The 36th annual Florida Invitational Step Show kicked off Saturday with a talent showcase at Bo Diddley Plaza in downtown Gainesville, followed by a performance in the University Auditorium.
The University of Florida’s Black Student Union hosted events throughout the weekend, with the main goal of bringing people together and sharing Black culture with the community.
Ameerah Balogun is a 21-year-old UF junior and the president of the BSU. As one of the event organizers, she said she has been coordinating the group’s biggest event of the year since her term began in March 2025.

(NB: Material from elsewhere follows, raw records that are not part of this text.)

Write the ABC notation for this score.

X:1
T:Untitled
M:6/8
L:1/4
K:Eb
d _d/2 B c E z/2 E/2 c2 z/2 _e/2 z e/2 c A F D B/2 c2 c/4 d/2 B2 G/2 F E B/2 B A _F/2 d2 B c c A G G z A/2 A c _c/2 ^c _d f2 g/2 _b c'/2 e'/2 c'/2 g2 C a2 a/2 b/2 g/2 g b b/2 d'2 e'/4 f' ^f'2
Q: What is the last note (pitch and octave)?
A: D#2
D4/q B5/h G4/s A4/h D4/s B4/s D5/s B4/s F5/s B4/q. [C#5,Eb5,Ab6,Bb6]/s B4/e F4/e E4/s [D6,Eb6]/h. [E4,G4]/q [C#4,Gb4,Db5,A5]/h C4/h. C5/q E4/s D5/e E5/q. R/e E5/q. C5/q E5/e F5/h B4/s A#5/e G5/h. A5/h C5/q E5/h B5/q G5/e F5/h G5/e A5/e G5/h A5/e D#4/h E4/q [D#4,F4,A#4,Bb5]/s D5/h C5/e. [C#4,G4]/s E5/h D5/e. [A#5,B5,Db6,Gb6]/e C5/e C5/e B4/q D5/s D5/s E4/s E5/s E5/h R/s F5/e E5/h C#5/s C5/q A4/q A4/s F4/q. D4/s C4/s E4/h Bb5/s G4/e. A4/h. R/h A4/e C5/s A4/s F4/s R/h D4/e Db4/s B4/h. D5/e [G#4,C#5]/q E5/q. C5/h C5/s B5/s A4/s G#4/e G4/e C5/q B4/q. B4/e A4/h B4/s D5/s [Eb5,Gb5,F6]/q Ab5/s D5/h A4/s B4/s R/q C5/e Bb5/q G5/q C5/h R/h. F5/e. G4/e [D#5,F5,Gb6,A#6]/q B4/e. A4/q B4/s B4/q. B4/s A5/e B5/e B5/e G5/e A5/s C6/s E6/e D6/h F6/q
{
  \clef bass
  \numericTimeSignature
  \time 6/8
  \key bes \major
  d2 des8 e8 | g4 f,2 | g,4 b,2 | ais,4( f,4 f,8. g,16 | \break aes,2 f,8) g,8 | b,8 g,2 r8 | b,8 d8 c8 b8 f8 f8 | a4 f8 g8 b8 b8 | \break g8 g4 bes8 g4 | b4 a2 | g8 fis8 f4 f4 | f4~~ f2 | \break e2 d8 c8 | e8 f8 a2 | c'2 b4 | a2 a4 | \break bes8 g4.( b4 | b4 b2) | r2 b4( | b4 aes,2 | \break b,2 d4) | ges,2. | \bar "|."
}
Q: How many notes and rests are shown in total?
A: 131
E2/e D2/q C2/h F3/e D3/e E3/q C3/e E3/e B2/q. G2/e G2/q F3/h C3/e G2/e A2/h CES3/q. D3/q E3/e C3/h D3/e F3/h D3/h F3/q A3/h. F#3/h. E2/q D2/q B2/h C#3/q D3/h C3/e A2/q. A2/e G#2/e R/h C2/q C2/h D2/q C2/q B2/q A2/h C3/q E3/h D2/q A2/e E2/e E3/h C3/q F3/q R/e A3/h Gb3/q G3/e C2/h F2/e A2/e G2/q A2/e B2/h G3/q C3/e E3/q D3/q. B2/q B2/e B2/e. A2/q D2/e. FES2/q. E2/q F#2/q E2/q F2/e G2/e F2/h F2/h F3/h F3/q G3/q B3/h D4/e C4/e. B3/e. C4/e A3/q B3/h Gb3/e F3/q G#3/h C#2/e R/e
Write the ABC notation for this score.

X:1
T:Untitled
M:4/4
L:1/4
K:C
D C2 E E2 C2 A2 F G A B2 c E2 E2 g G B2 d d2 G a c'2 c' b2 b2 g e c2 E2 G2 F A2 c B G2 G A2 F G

“I feel like I’ve done my job when I see people having fun, smiling and experiencing something new where anybody can come out,” she said.
She added that the event is an opportunity for people to express themselves and feel free during a time in the world filled with hostility.
“The message I want people to take away from this show is that FISS is bigger than them,” Balogun said. “It’s bigger than the individual; it’s more than a step show.”
Both The Demo at Bo Diddley Plaza and the Florida Invitational Step Show in the University Auditorium featured dancing, stepping and strolling.
Jason Occean, a contestant during an interactive audience routine, sings during a Florida Invitational Step Show event on Saturday at Bo Diddley Plaza.
Strolling, a type of dance from which stepping derived, originated in the early 1900s as Black collegiate Greek organizations began performing the dances.
Stepping is a more modern dance routine that those organizations — known as the Divine Nine — performed; it emerged in the 1940s during fraternity initiation rituals. The two dances are similar, but stepping includes movement in formation and a signature step-call-move structure, according to a University of Arizona article.
Carol Velasques Richardson, the 59-year-old cultural affairs manager for the city of Gainesville, spoke to the crowd at Bo Diddley Plaza and thanked them for coming to represent their communities.
She said Mayor Harvey Ward and the city of Gainesville will always support the Black community.
Stepping and other Divine Nine dance traditions extend beyond UF and are represented across the Gainesville community. “It is truly transcendent,” she said. “We have Asian steppers; we have all people that come together.”
The dance performances began within Black Greek organizations, which formed when black students were denied access to white fraternities and sororities. The groups used the performances to show their organizations bond and create traditions according to an article from Alpha Phi Gamma’s website.
The first publicly performed “Greek Show” was at Howard University in 1976, according to an article by The Dig, a publication at Howard University.
Gabriel Henry is a 20-year-old UF sophomore studying biology and a member of the university’s chapter of the Phi Beta Sigma. He and his brothers performed their routines at the events on Saturday.
Henry said he joined his fraternity for the brotherhood and the service. At performances, he said their goal is to “show out.”
“As long as we put a smile on their face, as long as they’re cheering, as long as they’re laughing and having fun, as long as they’re jovial, that’s all I want from them,” Henry said.